Sexta-feira, 18 de Agosto de 2017
ISSN 1519-7670 - Ano 19 - nº954

PRIMEIRAS EDIçõES > As empresas estão com o pires na mão e nenhuma idéia na cabeça.

O boné não é um boné – é um sistema

Por lgarcia em 30/12/2003 na edição 257

SÍMBOLOS & SIMPLIFICAÇÕES

Alberto Dines

Os franceses dizem "bonnet", os americanos "cap", nós facilitamos para boné mas diante do Deus-nos-acuda criado pelo chapeuzinho vermelho na cabeça do presidente Lula breve teremos algo parecido aos brioches de Maria Antonieta.

Exagero de todos os lados: os críticos da mídia acham que ela "forçou a barra" ao atribuir tanta importância política a um gesto insignificante na rotina presidencial. Já os críticos do governo acham que qualquer gesto do chefe da nação tem significados que não podem ser ignorados ou minimizados.

Na verdade, os dois lados agarram-se à questão simbólica mas o problema é outro, maior: estamos metidos numa gigantesca engrenagem simplificadora que começa na mídia ? incapaz de recusá-la ? e termina naqueles que precisam da simplificação para tornar inteligíveis as suas mensagens. Em outras palavras: estamos no território da representação. Teatro sem diálogos, baseado em sinais ? pantomima.

A "crise do boné" serviu-se de uma peça de vestuário para convertê-la em mensagem política simplesmente porque estamos enfiados num circuito auto-alimentado onde tudo é fragmentado, reduzido a signos. A mídia precisa deles para dar sentido às suas informações e os produtores de informações não podem dispensá-los para ser entendidos.

O boné é o disfarce de um sistema que, aparentemente, convém a todos mas, na realidade, é inimigo de todos os que pretendem algo mais do que uma cultura virtual, facilitadora na aparência, complicadora na essência.

A desarticulação deste sistema começa pela avaliação do que aconteceu com a nossa mídia desde os anos 1990. A façanha de derrubar Collor foi casual e marginal, resultou mais dos vícios do que das suas virtudes. Animada com o triunfo, a mídia empenhou-se em aumentar o seu poder de fogo a qualquer preço. Entrou no ramo dos grampos telefônicos e desmoralizou o jornalismo investigativo. Investiu pesado para aumentar as audiências em passes de mágica, desatenta ao processo de construir credibilidade através da qualidade editorial.

Em seguida, vieram modas & manias, hipocondria & terapias com a aparência de conhecimento mas cuja missão principal era pavimentar o caminho para a supremacia do trivial e a consagração da irrelevância. Conseguimos a façanha de cobrir a invasão do Iraque sem nunca ter explicado como e por que foi criado o Iraque. Cobriu-se a campanha eleitoral com razoável eqüidistância mas depois da posse ficou claro que aqui, nestas bandas, imparcialidade é a soma de parcialidades.

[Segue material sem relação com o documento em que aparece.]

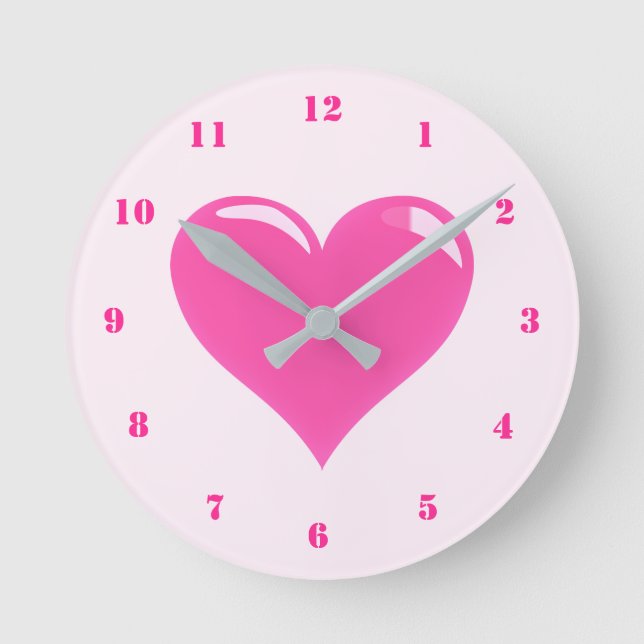 Ronde Horloge à cœur rose (Recto)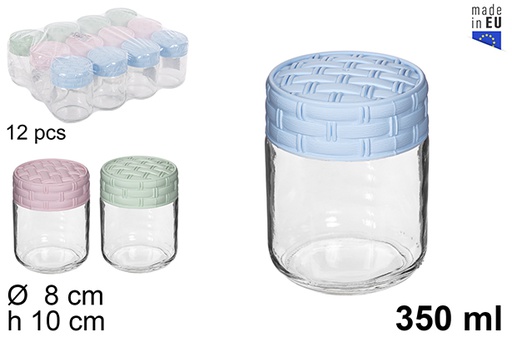 [114660] Barattolo in vetro con coperchio in rattan colori pastello 350 ml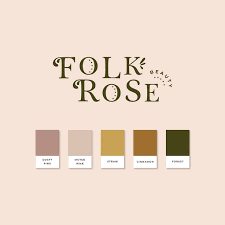 Here Is The Type Based Logo And Colour Palette For Folk Rose Beauty The Base Font I Used Here Is Call Color Psychology Branding Design Brand Color Palette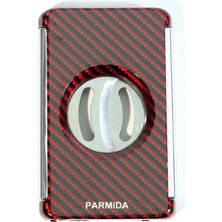 Parmida Kırmızı Karbon Desenli Sehpalı Giyotin Puro Makası Kesici - TR9498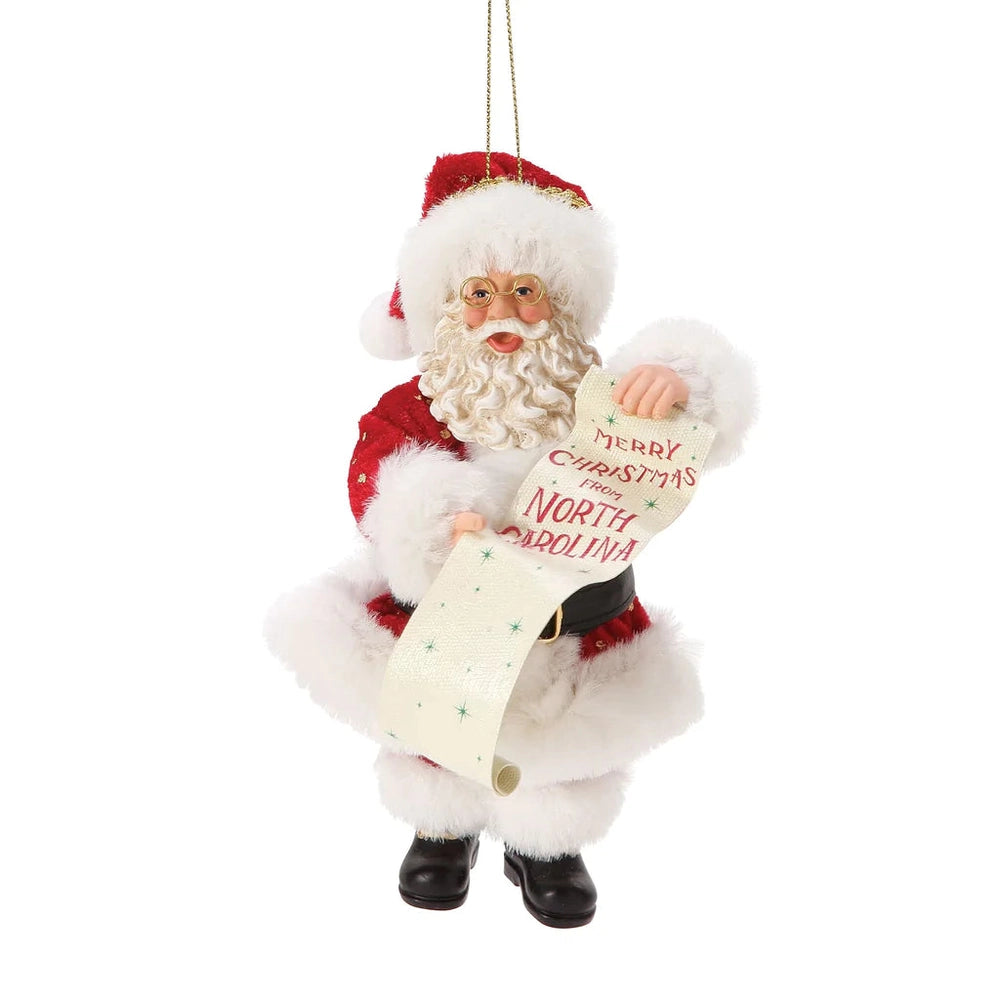 North Carolina Santa Hanging Ornament - Lake Norman Gifts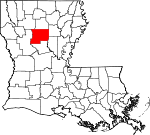 Map of Louisiana showing Winn Parish 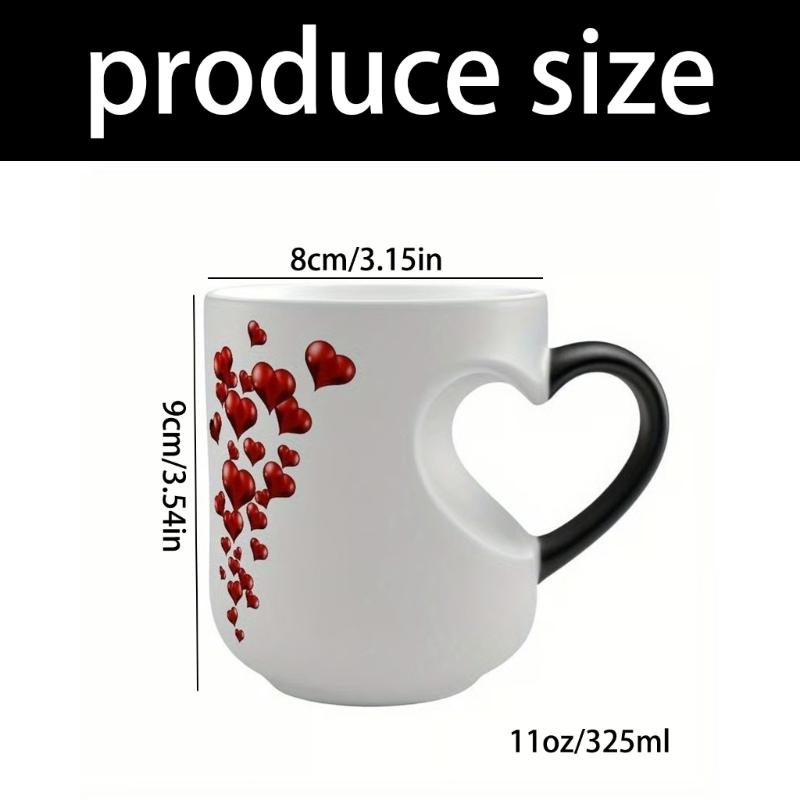 Heat Sensitive Ceramic Coffee Cup Romantics Heart Shape Color Changing Drinking Mug When Fill with Hot Beverage Gift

À penúria generalizada acrescentou-se uma desorientação estratégica. As empresas estão com o pires na mão e nenhuma idéia na cabeça. Os veículos insistem em fazer barulho mas o tambor apenas ronca, parece cuíca. Nos sucessivos enxugamentos e reengenharias foram demitidos os que ganhavam mais e, de repente, descobriu-se que sem eles a mídia já não consegue mediar.

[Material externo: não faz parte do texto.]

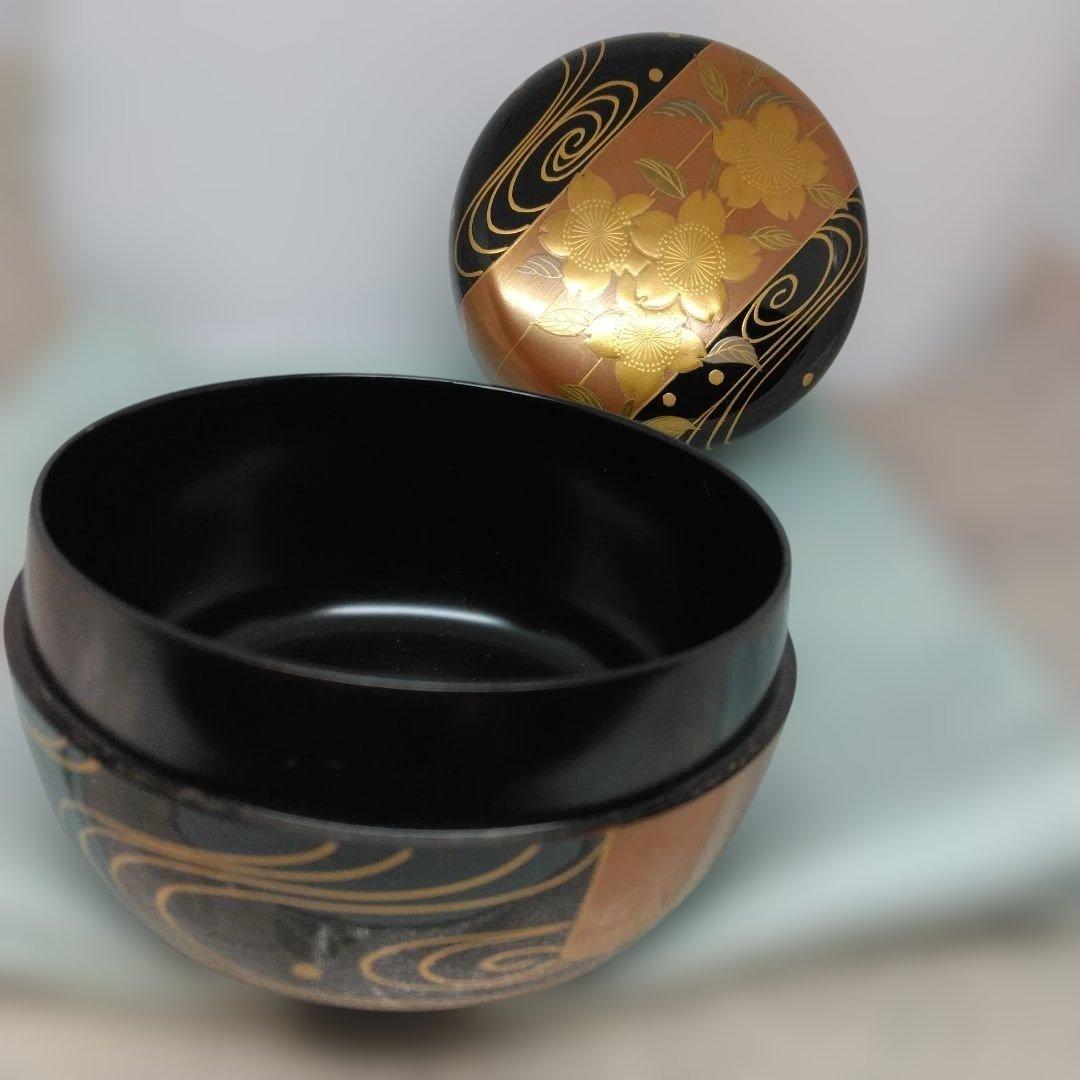 金彩花筏蒔絵 平棗 山中塗 倉山直彦作 共箱 茶道具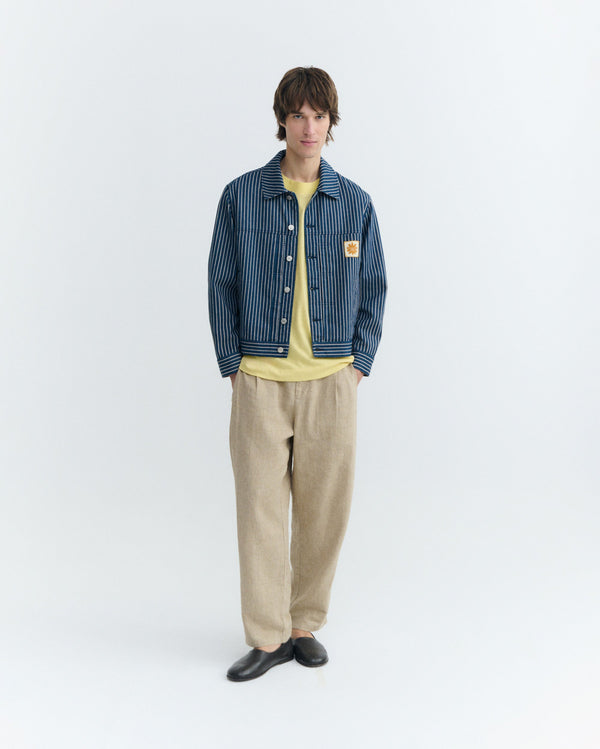 Chaqueta boxy rayas tinte natural Bruno sostenible - 1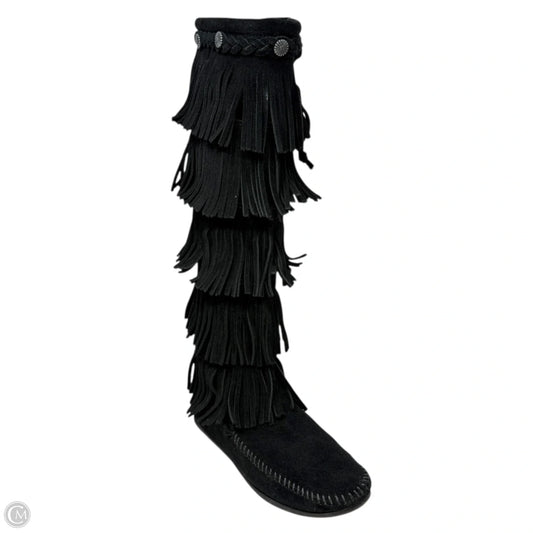 5-Layer Fringe Boots By Minnetonka In Black, Size: 7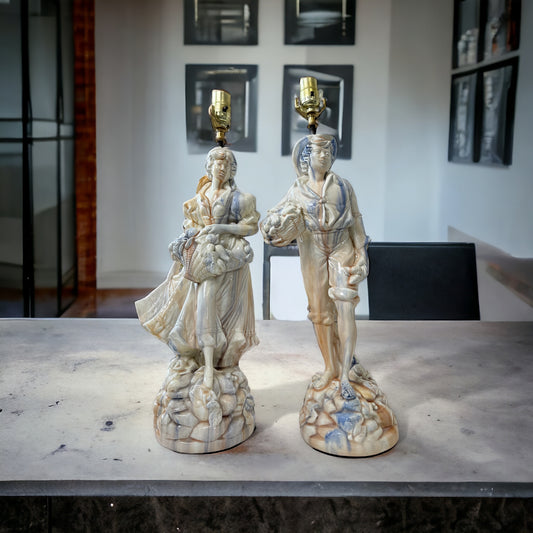 Pair of Large Mid-20th Century Ceramic Figural Table Lamps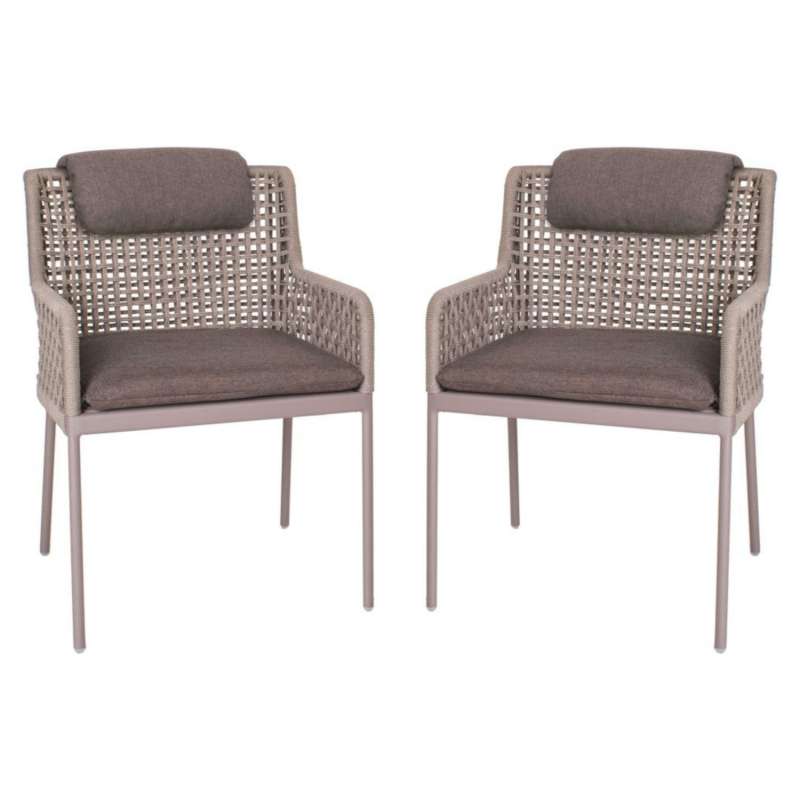 Stern 2er-Set Diningsessel Greta Aluminium champagner/ecru/rehbraun Gartensessel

Neste panorama, o boné caiu como um luva. O governo embalou-se nos símbolos e metáforas enquanto a mídia iludia-se com a idéia de que sua missão consistia apenas em trocá-los. Nem os chamados intelectuais conseguem articular uma reflexão mais consistente, enredados nos motes, palavras-de-ordem, chavões e chavecos de um código acessível somente aos comunicadores e comunicantes.

Na época do Estado Novo e da censura, o povão apelidou o DIP de "O-fala-sozinho". Agora, com a mídia engasgada, ouvem-se apenas os bonés do MST e os quepes da UDR.